7. Awareness and Conversation aren’t enough
So much of what happens in the name of diversity and cultural competence training is an emphasis on self-understanding and dialogue. If we don’t first understand our own cultures, there’s little hope we can work and relate effectively with someone from a different culture. But simply knowing that I’m more individualist than you doesn’t give me the skills I need to work effectively with you. We have to keep getting better at teaching skills and developing solutions that bring a lasting behavior change.

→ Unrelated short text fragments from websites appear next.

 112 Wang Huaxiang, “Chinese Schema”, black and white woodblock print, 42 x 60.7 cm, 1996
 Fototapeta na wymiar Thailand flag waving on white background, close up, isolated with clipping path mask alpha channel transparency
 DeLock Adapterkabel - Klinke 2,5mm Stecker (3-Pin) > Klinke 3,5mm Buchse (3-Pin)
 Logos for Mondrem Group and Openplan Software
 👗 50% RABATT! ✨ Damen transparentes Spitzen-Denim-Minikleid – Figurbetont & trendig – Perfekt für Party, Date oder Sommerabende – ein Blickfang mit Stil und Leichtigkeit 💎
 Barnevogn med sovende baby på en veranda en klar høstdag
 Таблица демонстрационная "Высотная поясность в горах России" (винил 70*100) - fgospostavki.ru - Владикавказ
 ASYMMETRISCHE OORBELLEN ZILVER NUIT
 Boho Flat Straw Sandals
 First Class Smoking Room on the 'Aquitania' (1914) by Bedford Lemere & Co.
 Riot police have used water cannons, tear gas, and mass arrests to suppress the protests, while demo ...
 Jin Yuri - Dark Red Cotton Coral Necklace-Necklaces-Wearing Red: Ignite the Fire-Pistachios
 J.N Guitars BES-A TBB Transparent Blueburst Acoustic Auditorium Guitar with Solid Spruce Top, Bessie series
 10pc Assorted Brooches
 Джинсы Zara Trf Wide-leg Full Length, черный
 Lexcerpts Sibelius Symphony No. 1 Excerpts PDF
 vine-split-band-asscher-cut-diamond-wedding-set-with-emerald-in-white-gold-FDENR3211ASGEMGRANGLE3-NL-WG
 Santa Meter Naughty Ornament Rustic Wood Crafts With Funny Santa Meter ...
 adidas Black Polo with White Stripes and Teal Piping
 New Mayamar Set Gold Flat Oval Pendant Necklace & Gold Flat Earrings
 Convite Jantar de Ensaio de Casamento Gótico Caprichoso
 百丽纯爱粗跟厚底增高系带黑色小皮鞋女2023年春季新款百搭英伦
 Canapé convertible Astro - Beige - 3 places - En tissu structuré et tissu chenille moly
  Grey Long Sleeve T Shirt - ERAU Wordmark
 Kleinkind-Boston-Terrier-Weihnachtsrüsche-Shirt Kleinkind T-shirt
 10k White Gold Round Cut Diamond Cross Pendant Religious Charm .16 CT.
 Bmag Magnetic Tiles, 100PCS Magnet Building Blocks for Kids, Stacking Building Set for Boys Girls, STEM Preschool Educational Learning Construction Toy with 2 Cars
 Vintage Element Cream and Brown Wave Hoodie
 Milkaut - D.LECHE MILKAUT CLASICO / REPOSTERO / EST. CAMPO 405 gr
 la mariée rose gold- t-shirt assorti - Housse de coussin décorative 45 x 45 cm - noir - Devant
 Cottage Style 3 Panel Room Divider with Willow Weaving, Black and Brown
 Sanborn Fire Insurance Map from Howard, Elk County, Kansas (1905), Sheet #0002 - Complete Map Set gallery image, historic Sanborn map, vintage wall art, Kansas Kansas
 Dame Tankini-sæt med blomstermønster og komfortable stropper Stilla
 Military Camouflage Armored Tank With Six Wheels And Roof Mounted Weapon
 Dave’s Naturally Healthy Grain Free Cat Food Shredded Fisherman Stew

8. Academics need practitioners. Practitioners need academics
I’ve lived most of my professional life with one foot in the academic world and the other in the applied world. Those divergent worlds characterize our work at the CQ Center as well. Linn Van Dyne and I are ruthlessly committed to research that is robust and relevant. As a world-leading psychometrician, Linn holds me accountable to ensure we’re remaining true to the research. But she’s equally open to hearing my input on ways to present the research to ensure it’s meaningful and relevant to practitioners.
9. It takes CQ to make a case for CQ
I talk with many CQ practitioners who are frustrated by how hard it is to get organisations and leaders to invest in cultural intelligence programs. The best tool for “selling” CQ is our own CQ! The perspective-taking and adaptation of language that we exhort people to use when working with a colleague from a different background need to be used when we talk with an HR director or dean about how CQ is relevant to their organisations. We need to beware of demonizing an individual who wants to know the bottom-line impact of CQ. Organisations have real-time and budgetary constraints, and it’s on us to make a case for them in a way that resonates.
10. Journaling and Running are my secret sauce
I recently went back and read my journals from the last decade. I think I learned as much from re-reading them as I did from when I wrote them. If you’ve read anything I’ve written or listened to me speak, I can guarantee those thoughts were worked out first with my pen and my running shoes. I journal and run almost every day, wherever I am in the world. These habits allow me to be free from my phone, ruminate on ideas, and take in my surroundings.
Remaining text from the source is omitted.